L’eau porte en elle un symbole qui dépasse toute considération matérielle. A Ouagadougou, voir un restaurant où l’on vous dépose de l’eau à boire tend à être est geste rare. La bonne dame (ce peut-être aussi un homme) vous dépose la nourriture, à vous de vous débrouiller. D’après tout, ce n’est pas la personne du client qui importe, c’est plutôt son argent. Véritable marketing forcé, agressif. C’est à prendre ou à laisser. Quand on sait que sous nos cieux, certains complètent leur ration alimentaire par une grande quantité d’eau à se bourrer le ventre ! Comme on le dit bien, ce n’est pas en faisant ce minimum de geste de déposer un gobelet d’eau qu’on va se ruiner. Le ventre tenant le comportement des hommes dans leurs activités quotidiennes, il serait vraiment important que nos restaurateurs sachent qu’au-delà de ce qu’un restaurant est un lieu de commerce, il est un secteur pas comme les autres. Faisons en sorte qu’il y ait un minimum d’enthousiasme et d’égards.
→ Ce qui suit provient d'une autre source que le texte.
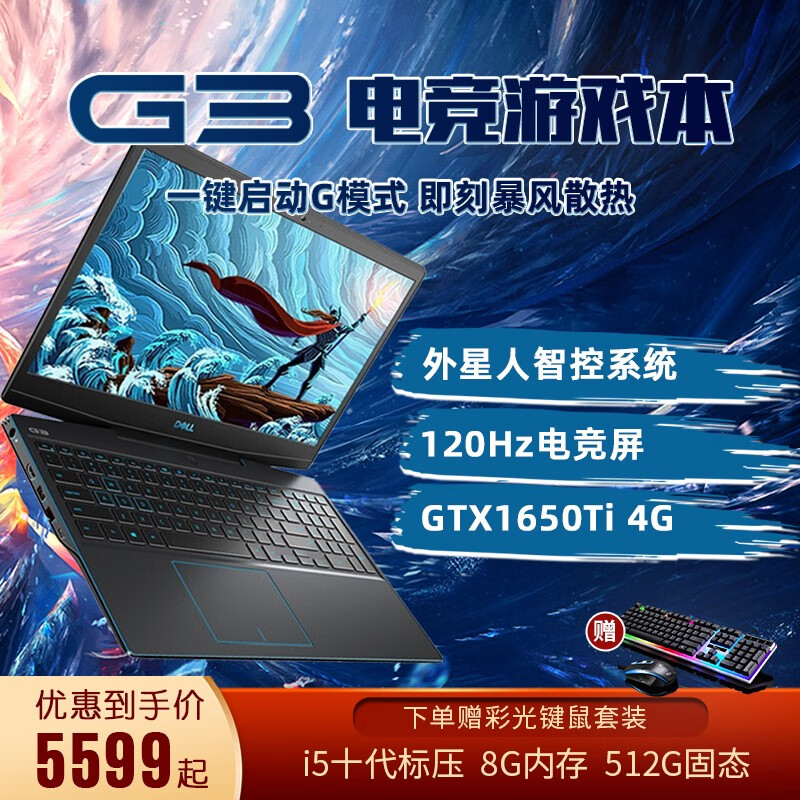 戴尔（DELL） 游匣G3 15.6英寸十代酷睿120Hz电竞屏学生游戏本笔记本电脑 新G3 十代i5 GTX1650Ti 电竞屏 16G 512GB高速固态 定制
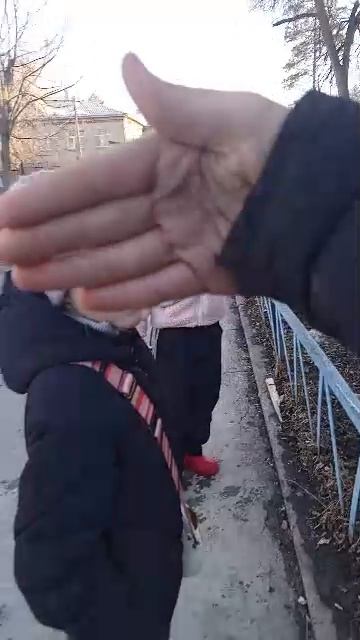 бе смотреть онлайн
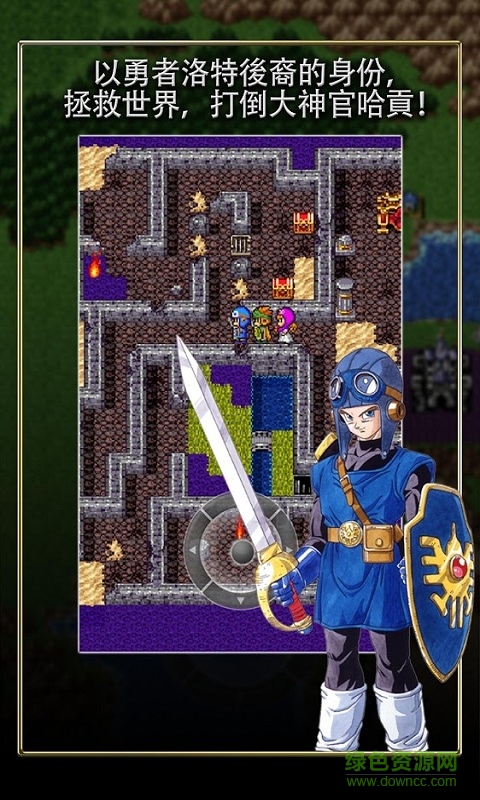 勇者斗恶龙2中文修改版(dragon quest 2) v1.0.7 安卓无限金币版0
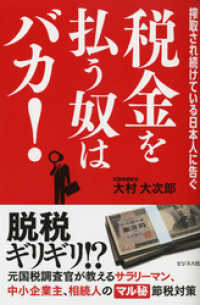 税金を払う奴はバカ！―――脱税ギリギリ！？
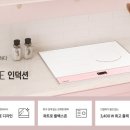 플렉스존 이미지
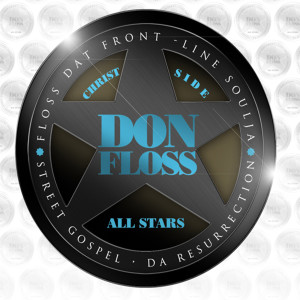ดาวน์โหลดและฟังเพลง Rep 2 พร้อมเนื้อเพลงจาก Don Floss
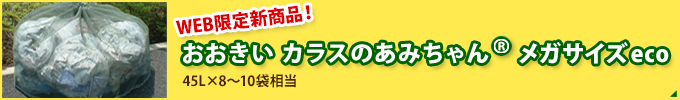 アパートのオーナー様向け「あみちゃん」はこちら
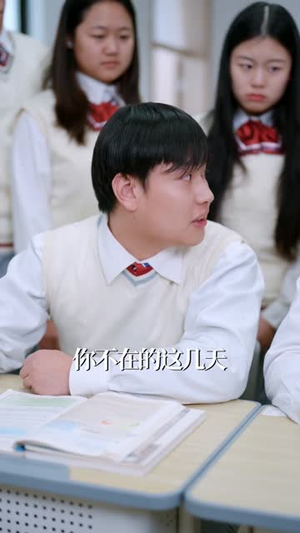 离校后，全校盼我归来（80集）不睡觉也要看完的短剧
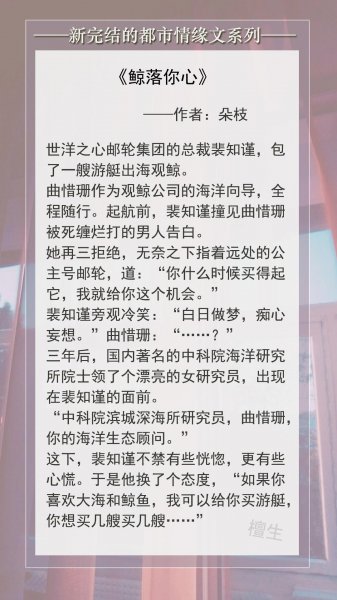 精彩的小说甜文推荐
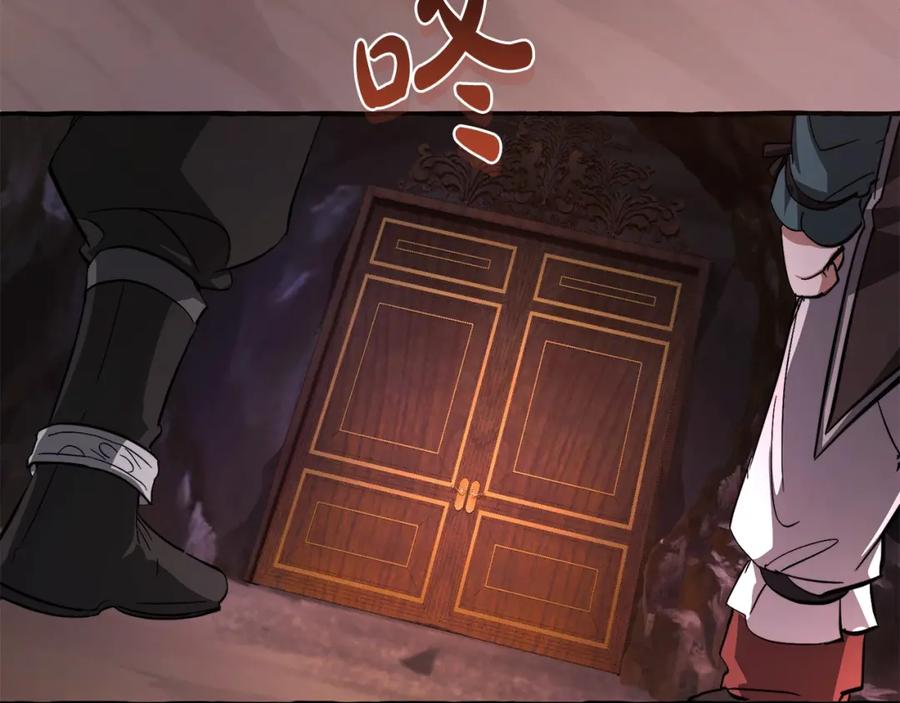 成为伯爵家的废物 第100话 喵喵队上大分 第175页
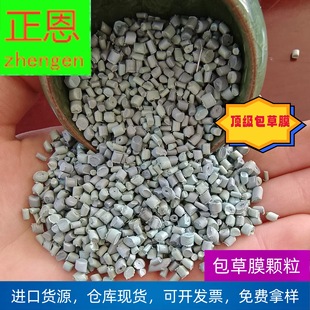 The Manufacturer Is Supplying Green Grass-Coated Film Granules, Lldpe Recycled Material Granules, Blown Film Geomembranes in Stock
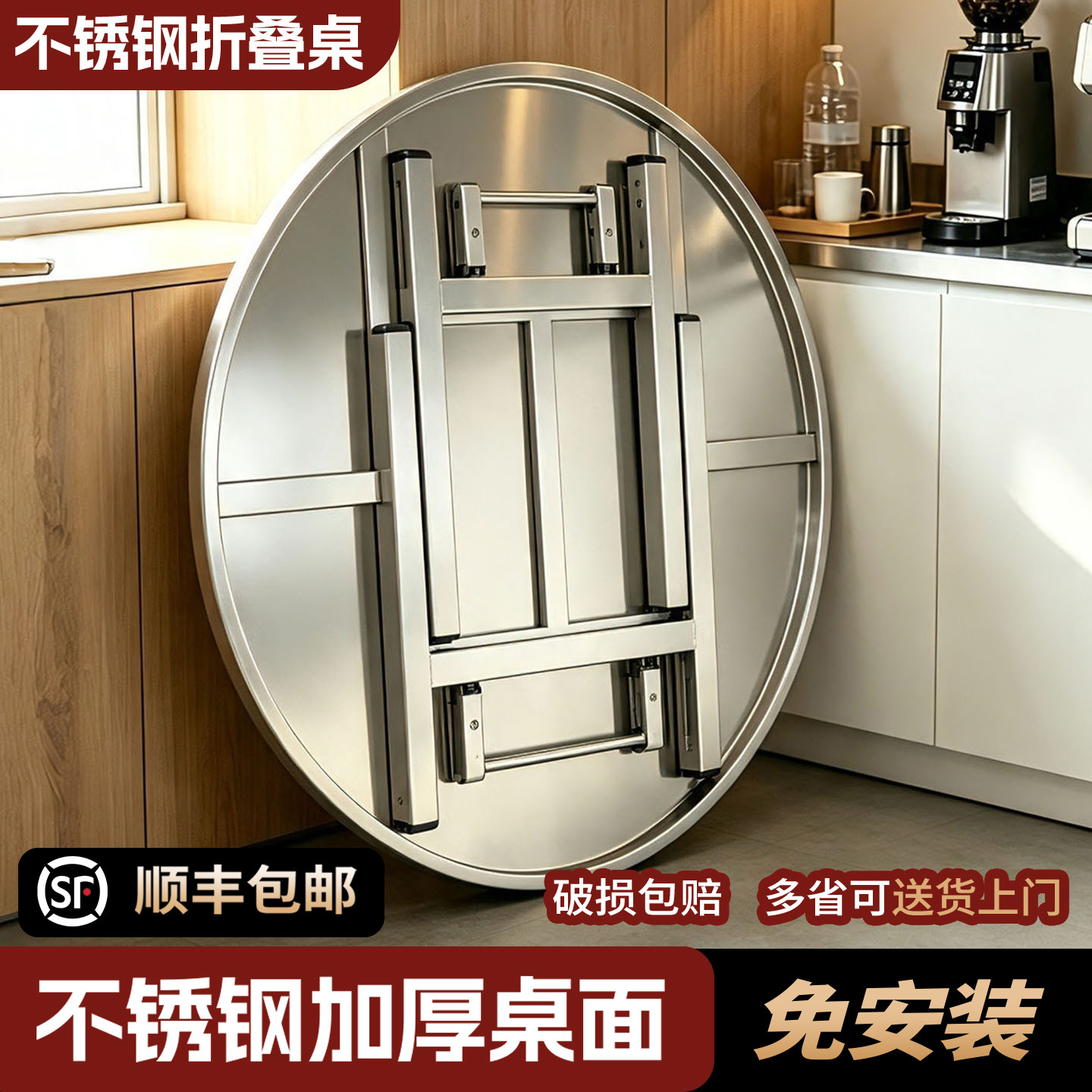 【整装发货】不锈钢折叠圆桌图片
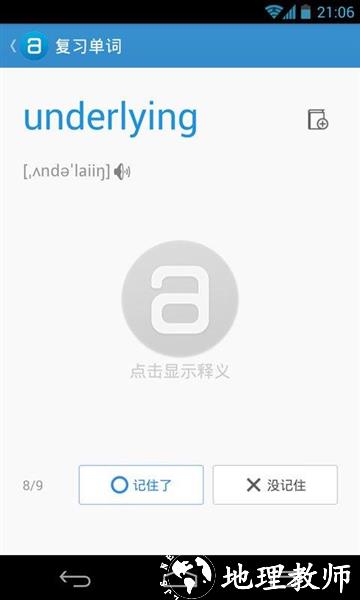 单词锁屏app图片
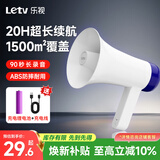 乐视TV D100Lite录音大喇叭户外手持宣传可充电喊话器扩音器便携式大声公高音摆地摊收款小麦克风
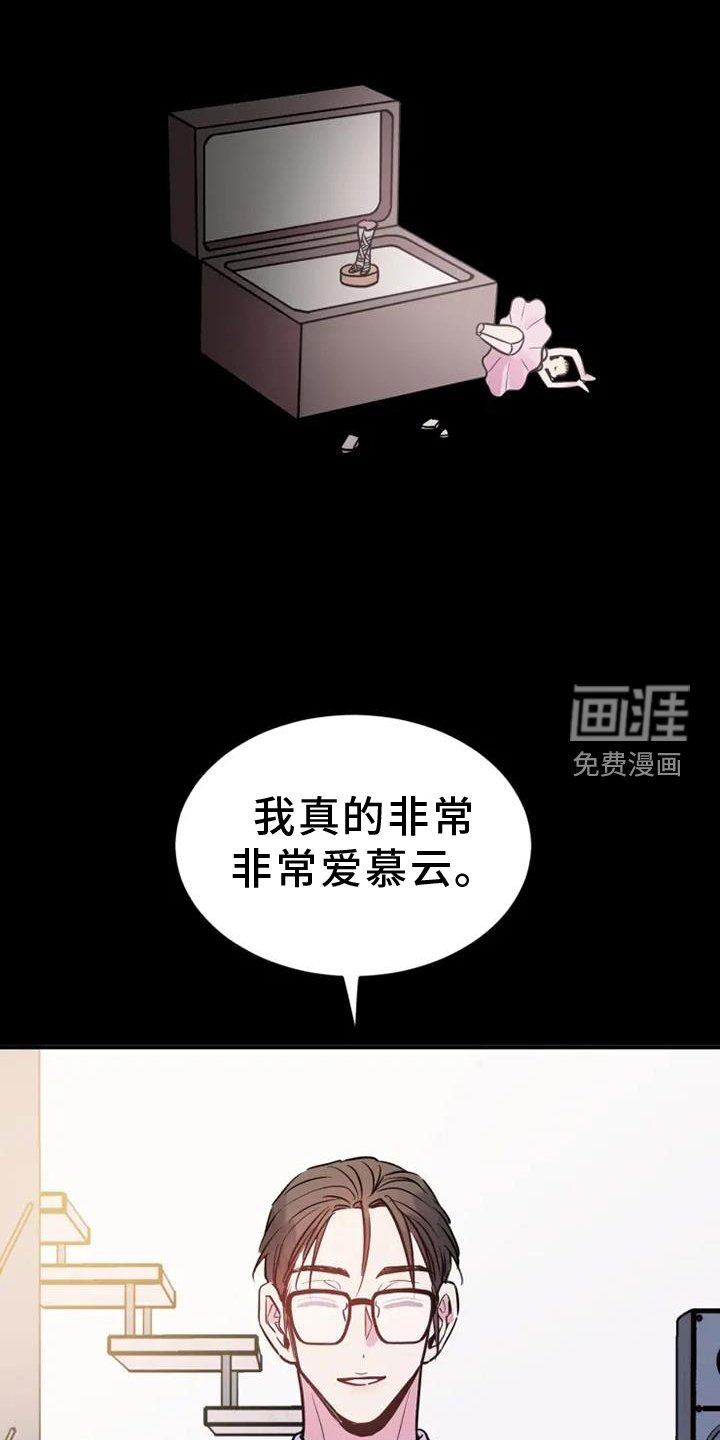 第80章：打击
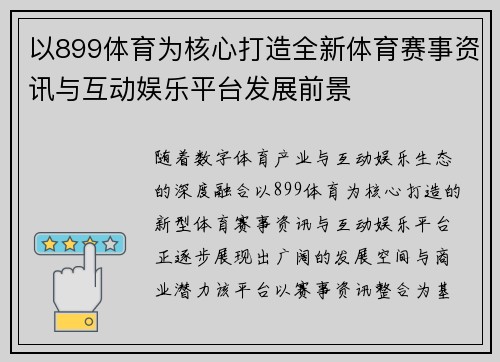 以899体育为核心打造全新体育赛事资讯与互动娱乐平台发展前景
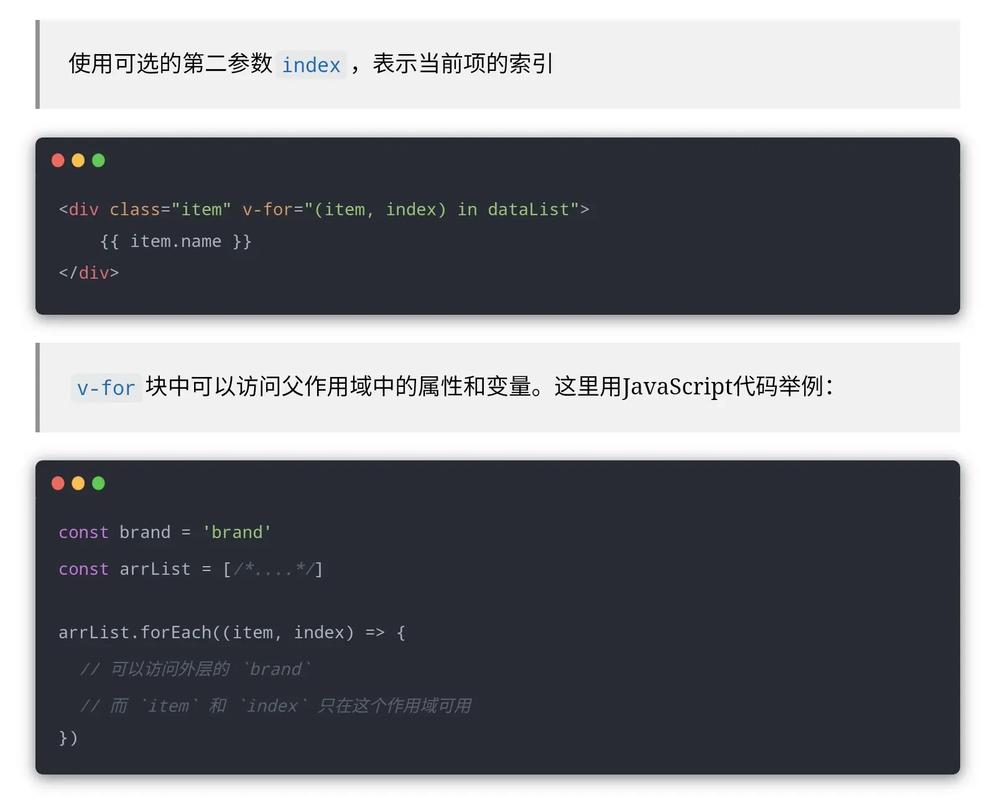 Vue3的v-for如何完美实现列表渲染？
C’est toute la société qui y gagne. Si nous devons considérer ces lieux comme le lieu de ceux dont les " mains n’arrivent pas sur leur dos " (ceux qui n’ont pas assez de moyens), il y a quand même raison déjà à ne pas en rajouter. On est " entre nous ", on doit se comprendre. Le bonheur de l’homme commence par là. Il faut qu’on soigne nos mépris autour de ces services existentiels. C’est aussi le lieu d’honorer les " sacrifices " et l’altruisme de ces restaurateurs, aussi infirme soit leur nombre, qui sont arrivés, jusque-là, à concilier recherche d’argent et valeurs humaines (qu’on a tendance aujourd’hui à croire d’inconciliables ". Ces " hommes de Dieu " qui, non seulement vendent accessible (quantité, qualité et prix), mais ont le noble réflexe à croire que l’eau dans ce domaine est une nécessité. Mieux, certains se déploient à déposer un bidon d’eau glacée pour 300 francs ou 250 francs de repas. Ceux-là qui ont placé au cœur de leur activité, l’être humain et qui ont compris que la dignité de l’homme se joue aussi autour du repas.

Kader PALENFO

*Riz sauce, en langue locale, pour désigner les gargotes.